然后在 templates/search/indexes/youapp/\<model_name>_text.txt 中写下需要检索的字段,多张表就有多个txt文件。
{{ object.title }}
{{ object.mainBody }}
修改搜索引擎为中文分词
在 search app 下建立 ChineseAnalyser.py 文件,写下如下的代码:
import jieba
from whoosh.analysis import Tokenizer, Token
class ChineseTokenizer(Tokenizer):
def __call__(self, value, positions=False, chars=False,
keeporiginal=False, removestops=True,
start_pos=0, start_char=0, mode='', **kwargs):
t = Token(positions, chars, removestops=removestops, mode=mode,
**kwargs)
seglist = jieba.cut_for_search(value)
for w in seglist:
t.original = t.text = w
t.boost = 1.0
if positions:
t.pos = start_pos + value.find(w)
if chars:
t.startchar = start_char + value.find(w)
t.endchar = start_char + value.find(w) + len(w)
yield t
def chinese_analyzer():
return ChineseTokenizer()
在 python 下的 Lib\site-packages\haystack\backends 目录中找到 whoosh_backend.py 文件 复制到 search app 下,并改名为 whoosh_cn_backend.py
在其中加入
from search import ChineseAnalyser
并找到语句并做修改如下:
schema_fields[field_class.index_fieldname] = TEXT(stored=True, analyzer=ChineseAnalyser.chinese_analyzer(), field_boost=field_class.boost, sortable=True)

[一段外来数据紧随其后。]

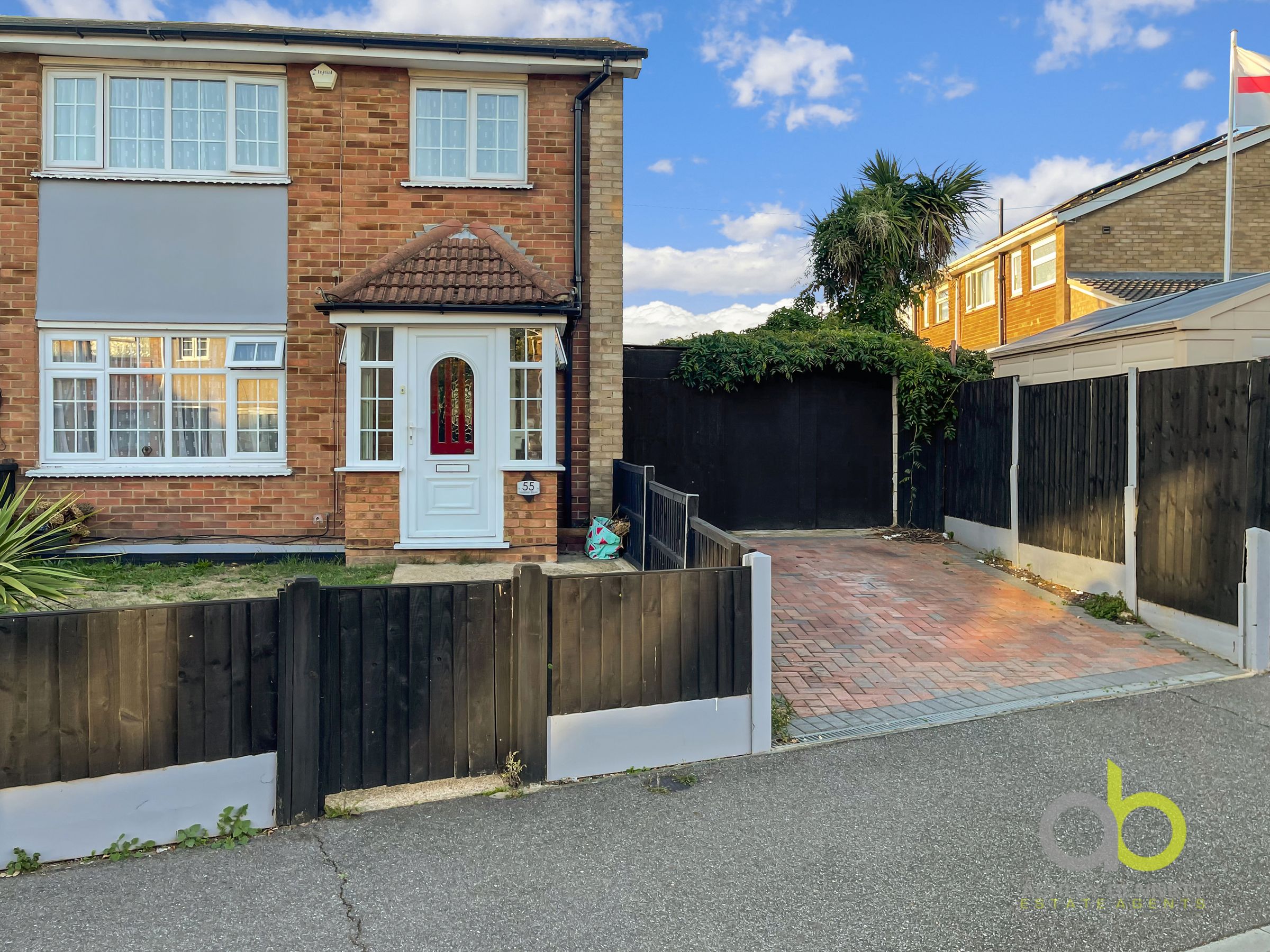 3 bed semidetached house for sale in Godman Road, Grays, Essex RM16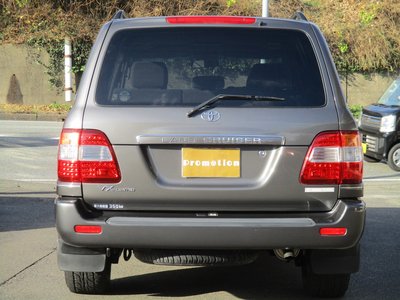 TOYOTA LAND CRUISER 100 - 5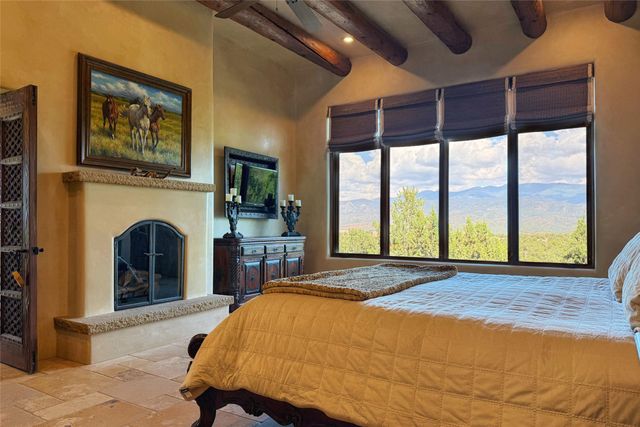 46 Polaris Road, Santa Fe, NM 87506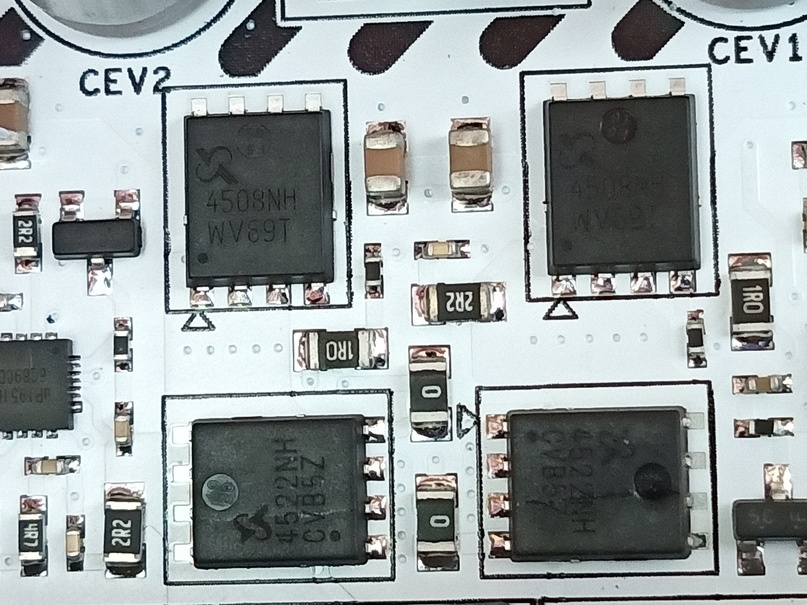      Транзисторы как у второй версии x79 ZD3 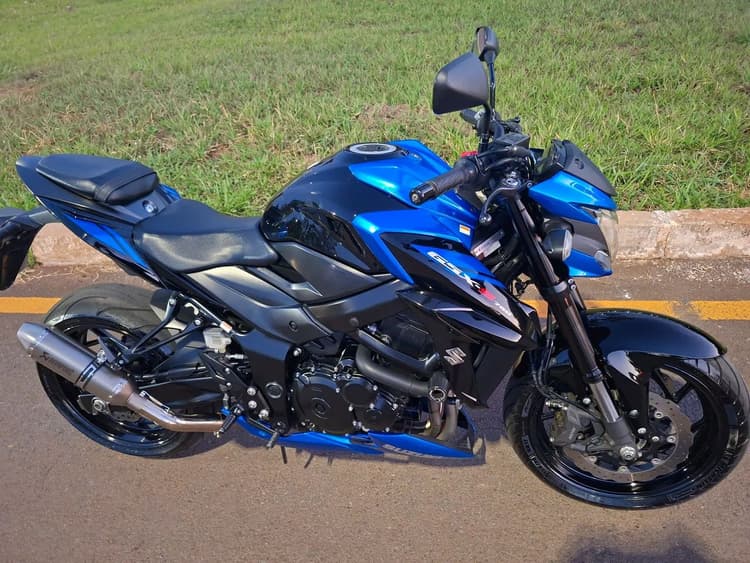 Gsx-s750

最后运行命令:python3 manage.py rebuild_index 就可以建立索引文件了。
创建搜索表单
<div class="input-group" style="width:370px">
<div style="float:right">
<form action="" id="search_form" method="get" onsubmit='return sub_search_form()'>
<!--不要改name='q'-->
<input type="text" class="form-control" style="width:229px;float:left;" name="q" placeholder=" 请输入关键字">
<span class="input-group-btn" >
<button class="btn btn-info" id="search" style="width:60px;height:34px;background-color:purple;border-color:purple" type="submit"><i class="glyphicon glyphicon-search"></i></button>
</span>
</form>
</div>
<!--不要把select标签放进form表单中-->
<select id="option" class="form-control" style="height:32px;width:77px;">
<option value="0">全部</option>
<option value="1">新闻</option>
<option value="2">公告</option>
<option value="3">论文</option>
</select>
<!--不要把select标签放进form表单中-->
</div>
后台函数处理
以上表单通过 js 向后台发起请求,相关js 如下:
function sub_search_form(){
//1:新闻 2:公告 3:论文
var obj = document.getElementById('option');
var form = document.getElementById('search_form');
var value = obj.value;
//alert(value)
switch (value){
case '0': form.action = '/search/';
break;
case '1': form.action = '/search/news/';
break;
case '2': form.action = '/search/announcement/';
break;
case '3': form.action = '/search/thesis_information/';
break;
default:break;
}
}
search/views.py 内容如下:
from haystack.generic_views import SearchView
from haystack.query import SearchQuerySet
from web.models import news, announcement, thesis_information
model_map ={'news': news, 'announcement': announcement, 'thesis_information': thesis_information}\
class VisitorSearchView(SearchView):
def get_queryset(self):
queryset = super(VisitorSearchView, self).get_queryset()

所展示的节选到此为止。